3. Override processOperator()

For each of the object in PDF page, processOperator is called in processPage(). We shall override processOperator().

@Override
protected void processOperator( Operator operator, List operands) throws IOException{
	. . .
}

4. Check for Image

Check if the object that has been sent to processOperator() is an image object.

if( xobject instanceof PDImageXObject){
	. . .
}

5. Save the image to local

If the object is an image object, get the BufferedImage and save it to local.
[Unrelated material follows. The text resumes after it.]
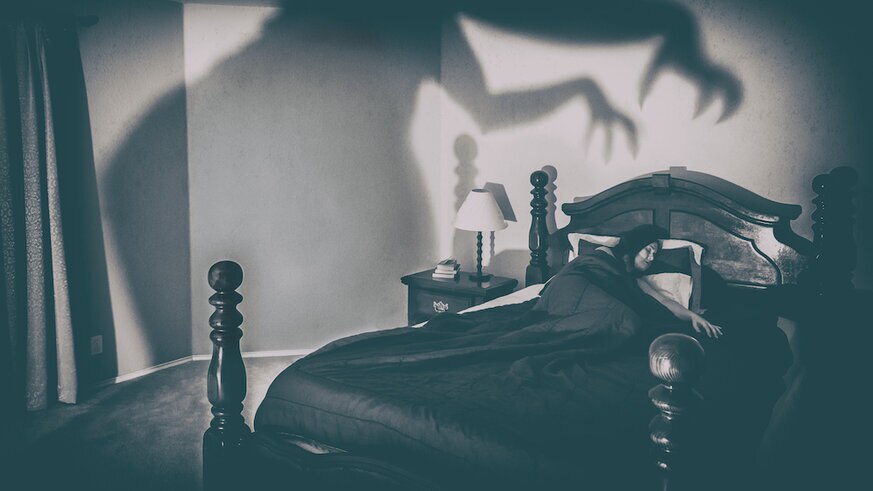 Woman Sleeping On Bed With Spooky Shadow On Wall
Using PDImageXObject.getImage() we get a BufferedImage of type ARGB.

BufferedImage bImage = image.getImage();
ImageIO.write(bImage,"PNG",new File("image_name.png"));
ADVERTISEMENT

Example 1 – Extract Images from PDF using PDFBox

In this example, we will take a PDF, and extract all images from this PDF using PDFBox processOperator() method.

SaveImagesInPdf.java

import org.apache.pdfbox.cos.COSBase;
import org.apache.pdfbox.cos.COSName;
import org.apache.pdfbox.pdmodel.PDDocument;
import org.apache.pdfbox.pdmodel.PDPage;
import org.apache.pdfbox.pdmodel.graphics.PDXObject;
import org.apache.pdfbox.pdmodel.graphics.form.PDFormXObject;
import org.apache.pdfbox.pdmodel.graphics.image.PDImageXObject;
import org.apache.pdfbox.contentstream.operator.Operator;
import org.apache.pdfbox.contentstream.PDFStreamEngine;

import java.awt.image.BufferedImage;
import java.io.File;
import java.io.IOException;
import java.util.List;

import javax.imageio.ImageIO;

/**
 * This is an example on how to extract images from pdf.
 */
public class SaveImagesInPdf extends PDFStreamEngine
{
	/**
	 * Default constructor.
	 *
	 * @throws IOException If there is an error loading text stripper properties.
	 */
	public SaveImagesInPdf() throws IOException
	{
	}

	public int imageNumber = 1;

	/**
	 * @param args The command line arguments.
	 *
	 * @throws IOException If there is an error parsing the document.
	 */
	public static void main( String[] args ) throws IOException
	{
		PDDocument document = null;
		String fileName = "apache.pdf";
		try
		{
			document = PDDocument.load( new File(fileName) );
			SaveImagesInPdf printer = new SaveImagesInPdf();
			int pageNum = 0;
			for( PDPage page : document.getPages() )
			{
				pageNum++;
				System.out.println( "Processing page: " + pageNum );
				printer.processPage(page);
			}
		}
		finally
		{
			if( document != null )
			{
				document.close();
			}
		}
	}

	/**
	 * @param operator The operation to perform.
	 * @param operands The list of arguments.
	 *
	 * @throws IOException If there is an error processing the operation.
	 */
	@Override
	protected void processOperator( Operator operator, List<COSBase> operands) throws IOException
	{
		String operation = operator.getName();
		if( "Do".equals(operation) )
		{
			COSName objectName = (COSName) operands.get( 0 );
			PDXObject xobject = getResources().getXObject( objectName );
			if( xobject instanceof PDImageXObject)
			{
				PDImageXObject image = (PDImageXObject)xobject;

				// same image to local
				BufferedImage bImage = image.getImage();
				ImageIO.write(bImage,"PNG",new File("image_"+imageNumber+".png"));
				System.out.println("Image saved.");
				imageNumber++;

			}
			else if(xobject instanceof PDFormXObject)
			{
				PDFormXObject form = (PDFormXObject)xobject;
				showForm(form);
			}
		}
		else
		{
			super.processOperator( operator, operands);
		}
	}

}

Output

Processing page: 1
Image saved.
Image saved.
Image saved.
Processing page: 2
Image saved.
Image saved.
Processing page: 3
Processing page: 4

Download the pdf document here apache.pdf if you would like use the same PDF file. Else you may assign the fileName in the Java program with your PDF file path.

Conclusion

In this Apache PDFBox Tutorial, we have learnt to extract images from pdf using PDFBox and save the BufferedImage of type ARGB to local using PDFStreamEngine class.